Iran: Former Political Deputy of Interior Ministry Talks About Regime’s Role in Syria

On November 3, the National Council of Resistance of Iran (NCRI) published an article about Islamic Iran Participation Front member, Mostafa Tajzadeh.

Reportedly, Tajzadeh acknowledged the failure of the regime with it’s involvement in the war in Syria.  He said, ”Iran’s regime with the help of Assad’s army intended to fight with other Syrian people and it was the beginning of a disaster.”

In an interview on October 29, 2016, with the weekly magazine, “Rooberoo” (printed in Tehran), he said that for many Arabs, Hassan Nasrallah (the leader of the terrorist group of Hezbollah) has become the leader of the Shiite minority sect that is fighting with a majority of Muslims.

Tajzadeh criticized the terrorist Qods Force of the Iranian Revolutionary Guards and said, “the Qods Force is pursuing a wrong policy.
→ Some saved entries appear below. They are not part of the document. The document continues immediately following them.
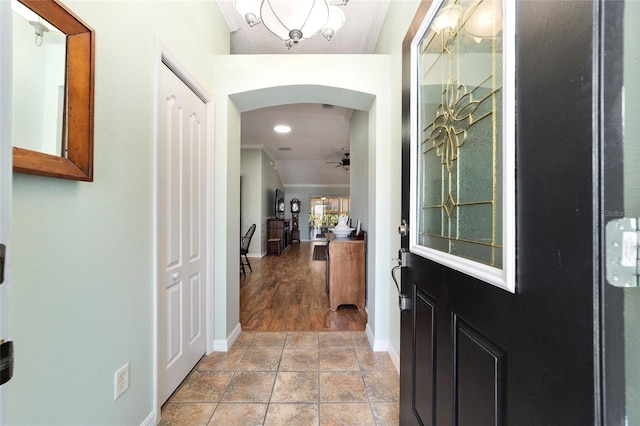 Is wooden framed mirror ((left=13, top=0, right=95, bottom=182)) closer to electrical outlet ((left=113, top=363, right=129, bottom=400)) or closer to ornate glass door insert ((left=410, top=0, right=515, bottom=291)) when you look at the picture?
electrical outlet ((left=113, top=363, right=129, bottom=400))

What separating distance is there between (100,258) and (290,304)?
2506mm

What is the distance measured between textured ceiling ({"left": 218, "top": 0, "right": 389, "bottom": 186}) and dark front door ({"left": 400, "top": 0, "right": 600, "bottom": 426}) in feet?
6.29

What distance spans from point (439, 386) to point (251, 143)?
20.1 ft

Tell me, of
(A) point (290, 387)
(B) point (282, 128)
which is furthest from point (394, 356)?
(B) point (282, 128)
The government and the Ministry of Foreign Affairs must be aware of Iran’s meddle in Syria,” and added, “Iran’s regime adopts the reasoning that if we don’t fight in Aleppo and Damascus, we have to fight in the cities of Iran instead. There is actually racism behind this argument. We have sacrificed a lot of people in the name of defense and yet we have brought insecurity to Karbala, Najaf, Samarra and even the holy city of Mashhad. Therefore, we tried to give a revolutionary, national and Shiite image to a political and economic challenge.”
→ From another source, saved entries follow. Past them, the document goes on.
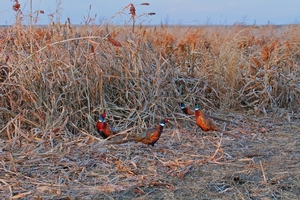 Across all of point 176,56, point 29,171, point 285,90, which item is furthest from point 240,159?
point 176,56

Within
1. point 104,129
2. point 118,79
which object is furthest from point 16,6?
point 104,129

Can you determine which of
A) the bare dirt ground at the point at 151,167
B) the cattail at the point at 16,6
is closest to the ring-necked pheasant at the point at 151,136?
the bare dirt ground at the point at 151,167

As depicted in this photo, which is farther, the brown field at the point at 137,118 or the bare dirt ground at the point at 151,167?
the brown field at the point at 137,118

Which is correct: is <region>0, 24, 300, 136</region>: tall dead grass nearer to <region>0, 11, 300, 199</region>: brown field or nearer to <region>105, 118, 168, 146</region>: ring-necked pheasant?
<region>0, 11, 300, 199</region>: brown field

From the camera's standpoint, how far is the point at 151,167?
2.55 metres

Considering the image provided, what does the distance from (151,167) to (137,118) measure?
102 centimetres

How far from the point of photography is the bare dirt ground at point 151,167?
2.21 m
Tajzadeh talked about the Russia’s role in Syria and with the Iranian forces. He said that the Iranian regime “has actually become the facilitator and the infantry of Russia.”

He continues, “It was the first mistake of the Mullahs’ regime to recommend Assad to repress and ignore the demands of rebels instead of encouraging him to end the conflict, to solve the issues and to encourage the protesters for participating in the arena of politics and power.”  

“The dominant form of protests was of people and it has the nature of freedom, justice, and participation,” Tajzadeh said. “The Baath regime of Assad was despotic and corrupt and it suppressed the people. The people also wanted freedom, democracy, social justice and the fight against corruption. The people who were impressed by the Arabic spring rallied in the streets but the regime suppressed them instead of considering their demands, rights, and interests.”

He says that the regime’s second mistake was “that it sent troops, advisors and fighters of Iraq, Lebanon, Afghanistan and Pakistan to Syria after the crisis arose; instead of finding a political and military solutions and putting them on the agenda.”

He concludes, “The regime has a lot of contradictions. It supported the protests against Gaddafi’s regime while it addressed the revolution of Syria as an intrigue.”